◆ ABOUT THIS TASK
Task for the records below: copy exactly, and only, the line containing "TERRY CALLIER Occasional Rain CADET LP" and every line after it to the end, with pictures left out.

◆ Dataset excerpts
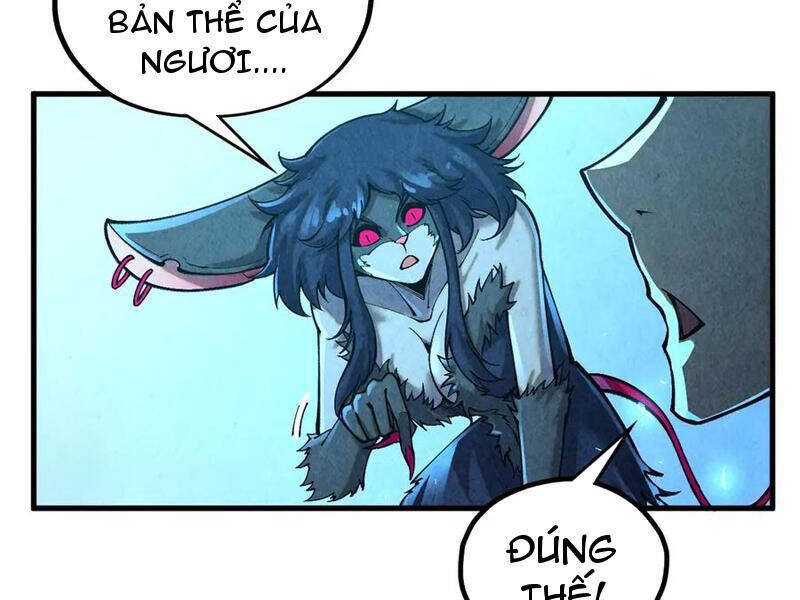 Vạn Cổ Chí Tôn Chap 359 - Next Chap 360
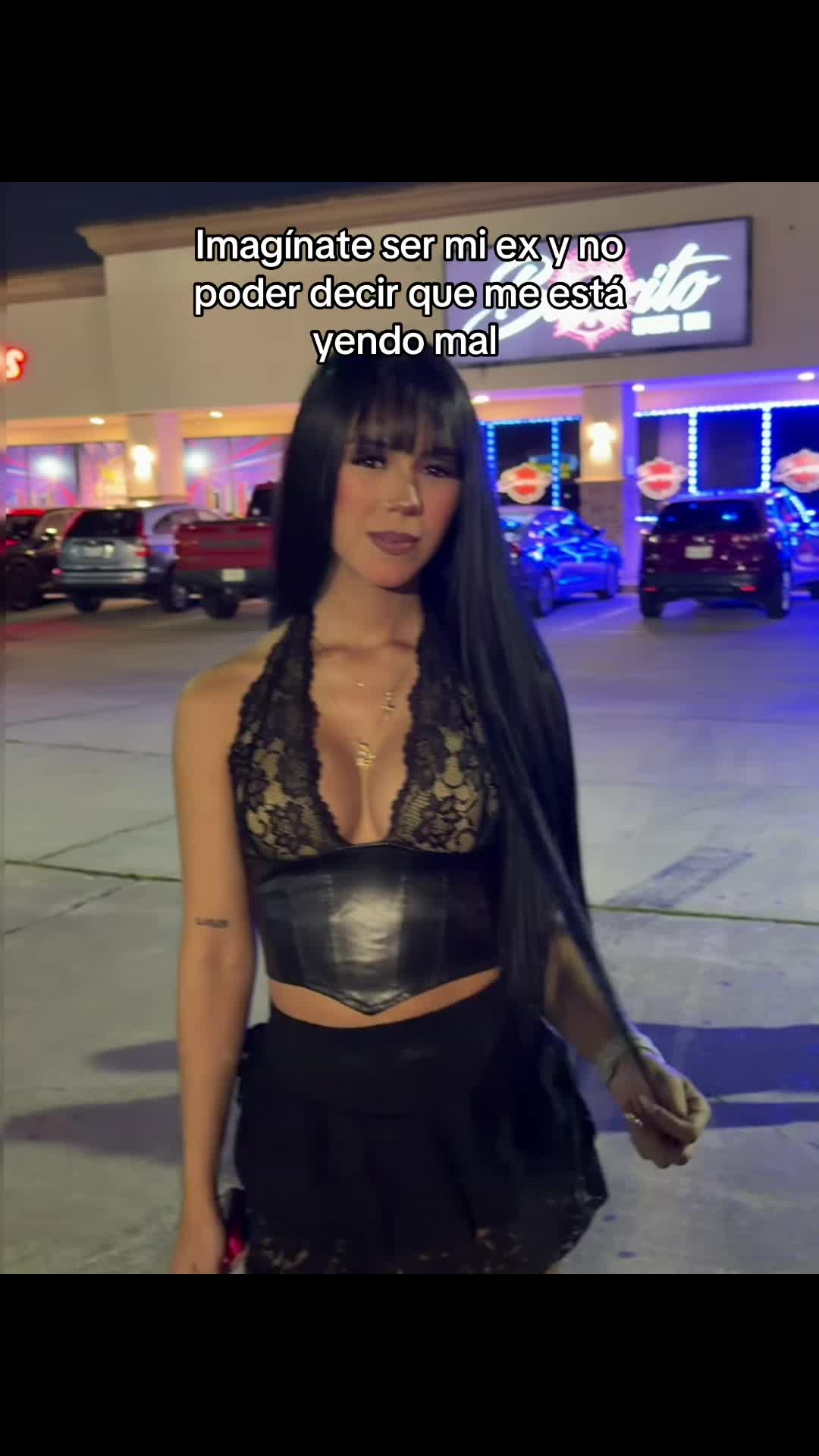 @YoriannyZambrano22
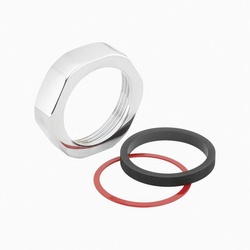 Sloan&reg; 306093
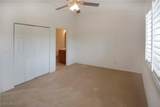 10061 Poppy Hill Drive - Photo 5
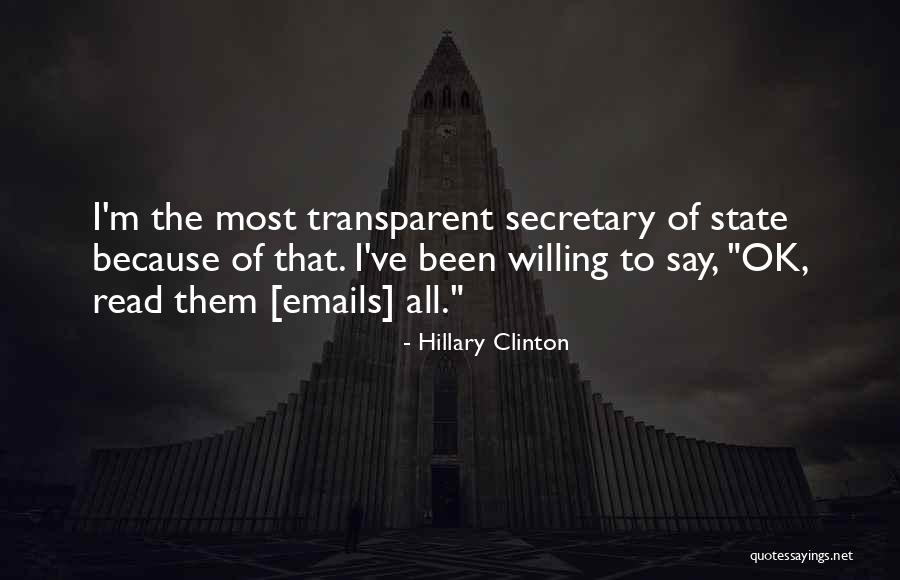 L H Motors Mountain Home Ar Quotes By Hillary Clinton L H Motors Mountain Home Ar Quotes By Hillary Clinton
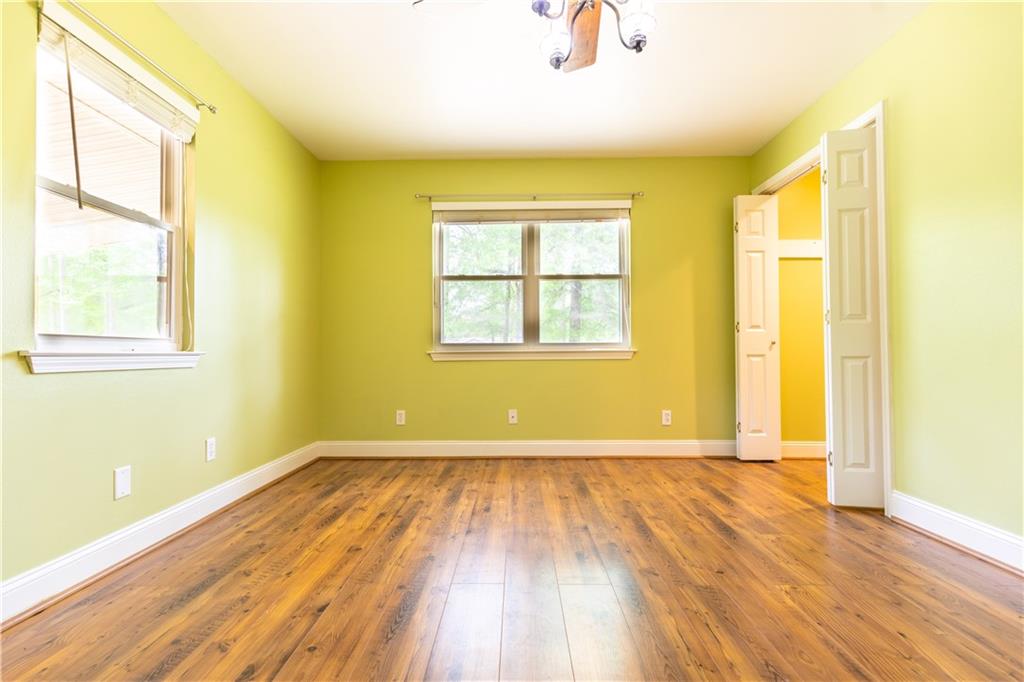 39586 Penn Road Ponchatoula, LA 70454 - Photo 10 of 16 Gallery Image 10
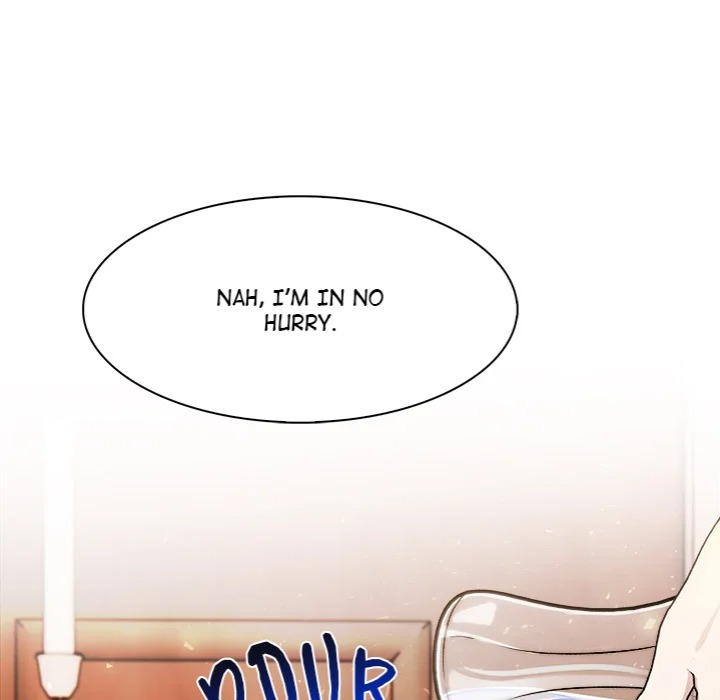 Draco-Knight Commander (Uncensored) Chapter 30 - Page 36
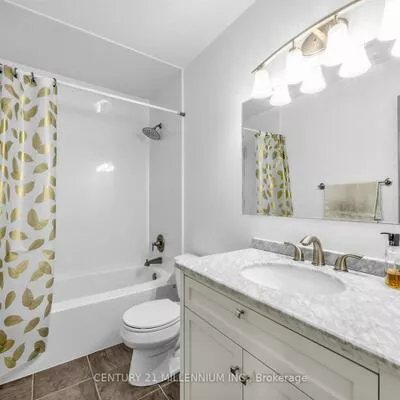 1020, Central Park, Northgate, Brampton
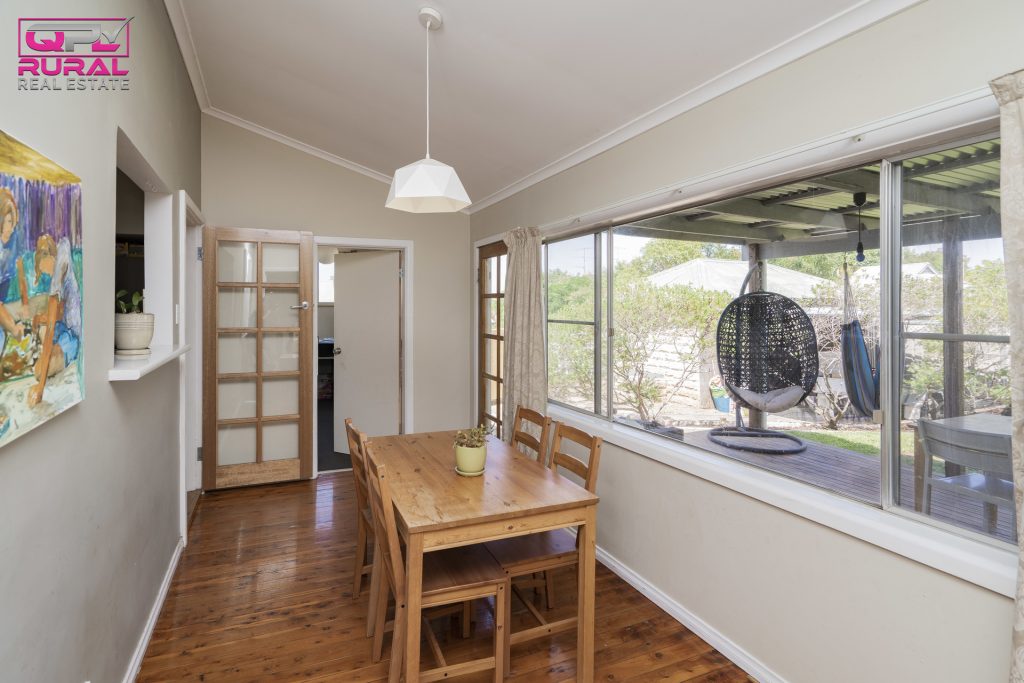 30 William Street, Narrandera NSW 2700 - photo 4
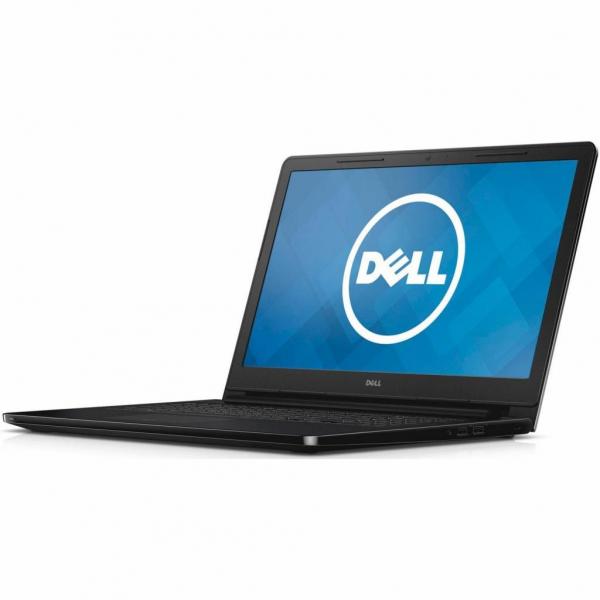 Ноутбук Dell Inspiron 3552 I35C45DIL-6B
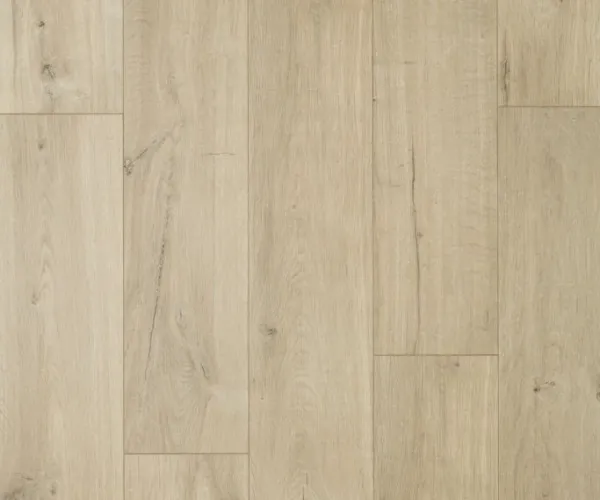Ламинат Unilin Clix Floor Excellent CXT 141 Дуб Эрл Грей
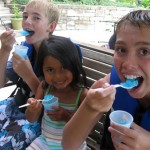 snowcone2 snowcone2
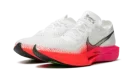 ZoomX Vaporfly 3 WMNS "Bright Crimson"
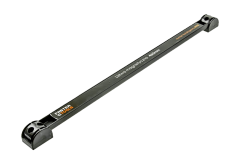 Magnetick� dr�iak na n�radie 46cm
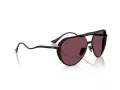 Ferrari FH 1021T 308/1E 59 Men sunglasses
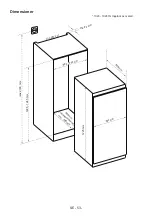 Preview for 54 page of Gram KFI 301252/1 User Manual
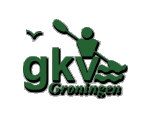 Groninger Kano Vereniging (Canoe Club Groningen) - 3480_SNAG2082_1263060688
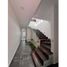 4 Habitación Casa en venta en Cancún, Quintana Roo, Cancún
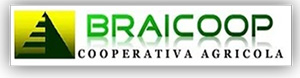 Logo Braicoop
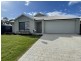 5 Glenbrook Way, Baldivis WA 6171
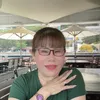 doanhang169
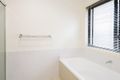 Property photo of 25 Taske Rise Pacific Pines QLD 4211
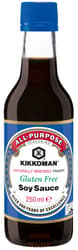 Kikkoman Tamari gluten-free soy sauce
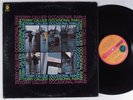 TERRY CALLIER Occasional Rain CADET LP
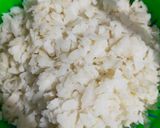 બટાકા પૌવા (Bataka Poha Recipe In Gujarati) રેસીપી સ્ટેપ1ફોટો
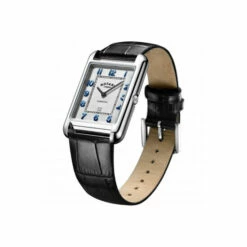 Rotary Stainless Steel Classic Analogue Quartz Watch - Gs05280/70 For Male -Cheap Limehaus Store unnamed file 1342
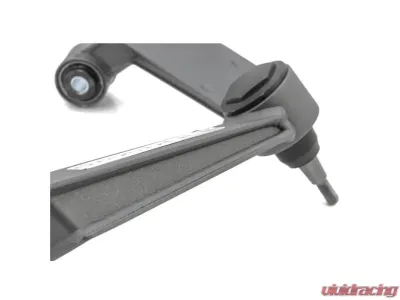 ReadyLift Fabricated Upper Control Arms Chevrolet Silverado 2500 HD | Chevrolet Silverado 3500 HD | GMC Sierra 2500 HD | GMC Sierra 3500 HD 2011-2019 - 44-3100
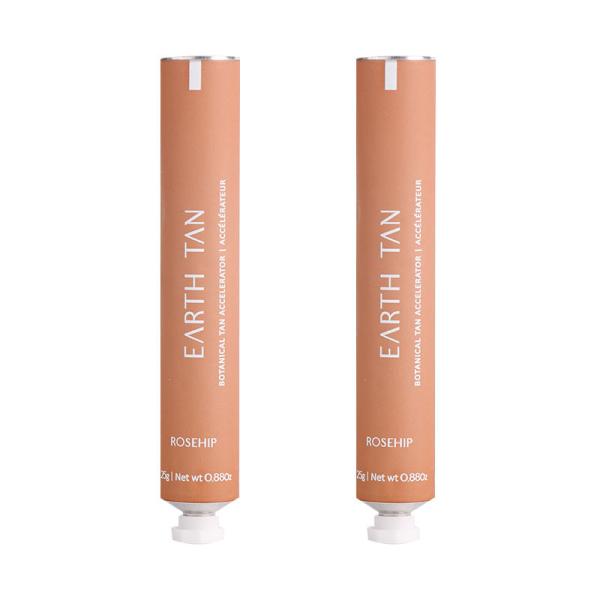 Handcream Empty Collapsible Aluminum Cosmetic Tubes 15g 20g 30g 50g 80g 100g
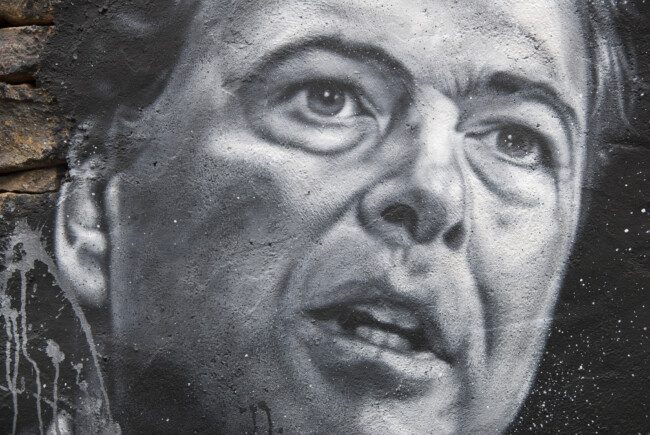 Journalism Is the Big Loser After James Comey's Testimony Comey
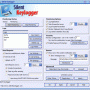 Windows 10 - Silent Keylogger 1.40 screenshot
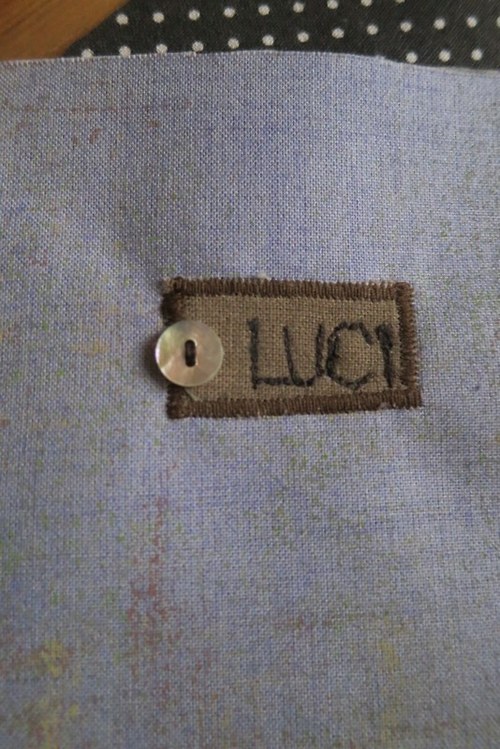 Luci .. — foto 5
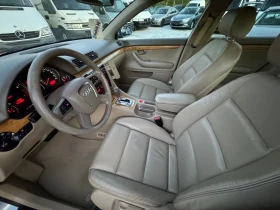 Audi A4 2.0T QUATTRO ЛИЗИНГ - 6999 лв. - 42954366 | Car24.bg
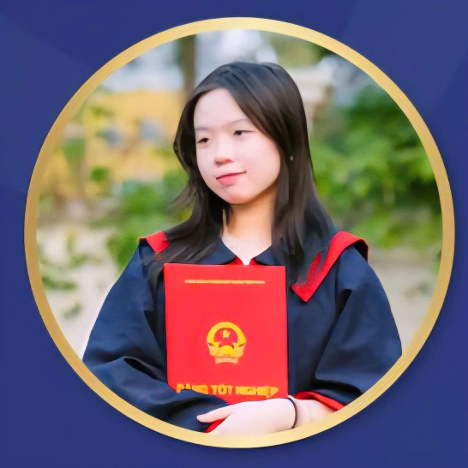 Nguyễn Mai Linh - Câu chuyện thành công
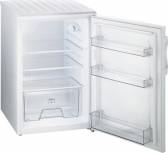 Холодильник Gorenje R 4091 ANW
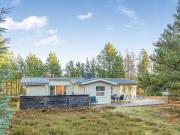 Holiday Home Neval - 150m from the sea by Interhome
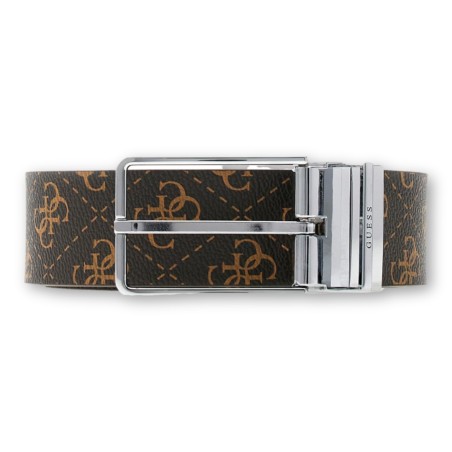 Cintura Guess Agueda - Lande-Ocre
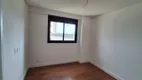 Foto 18 de Apartamento com 4 Quartos à venda, 190m² em Jardim das Mangabeiras, Nova Lima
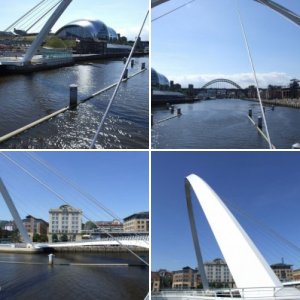 Tyne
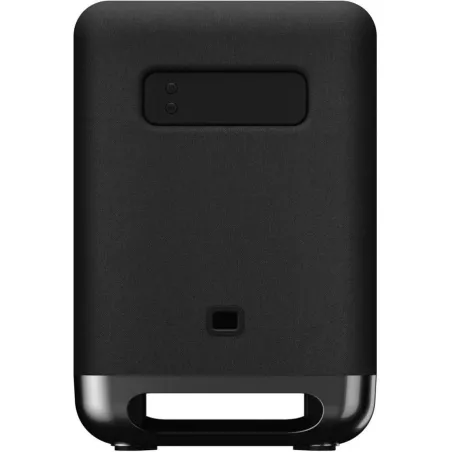 Caisson de graves sans fil Sony SW-SW5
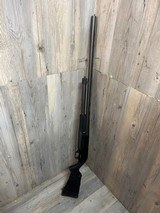 STEVENS 320 12 GA - 2 of 3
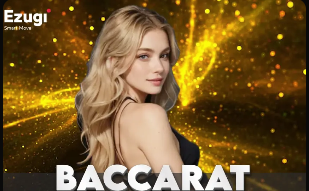 太阳报：姆巴佩女友社媒有两千多万粉丝，曾与维尼修斯约会过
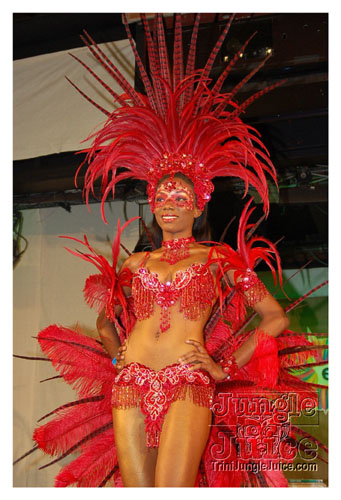 evolution_launch_2k8-067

◆ SOLUTION TO THE PROBLEM
 TERRY CALLIER Occasional Rain CADET LP
 બટાકા પૌવા (Bataka Poha Recipe In Gujarati) રેસીપી સ્ટેપ1ફોટો
 Rotary Stainless Steel Classic Analogue Quartz Watch - Gs05280/70 For Male -Cheap Limehaus Store unnamed file 1342
 ReadyLift Fabricated Upper Control Arms Chevrolet Silverado 2500 HD | Chevrolet Silverado 3500 HD | GMC Sierra 2500 HD | GMC Sierra 3500 HD 2011-2019 - 44-3100
 Handcream Empty Collapsible Aluminum Cosmetic Tubes 15g 20g 30g 50g 80g 100g
 Journalism Is the Big Loser After James Comey's Testimony Comey
 Windows 10 - Silent Keylogger 1.40 screenshot
 Luci .. — foto 5
 Audi A4 2.0T QUATTRO ЛИЗИНГ - 6999 лв. - 42954366 | Car24.bg
 Nguyễn Mai Linh - Câu chuyện thành công
 Холодильник Gorenje R 4091 ANW
 Holiday Home Neval - 150m from the sea by Interhome
 Cintura Guess Agueda - Lande-Ocre
 Foto 18 de Apartamento com 4 Quartos à venda, 190m² em Jardim das Mangabeiras, Nova Lima
 Tyne
 Caisson de graves sans fil Sony SW-SW5
 STEVENS 320 12 GA - 2 of 3
 太阳报：姆巴佩女友社媒有两千多万粉丝，曾与维尼修斯约会过
 evolution_launch_2k8-067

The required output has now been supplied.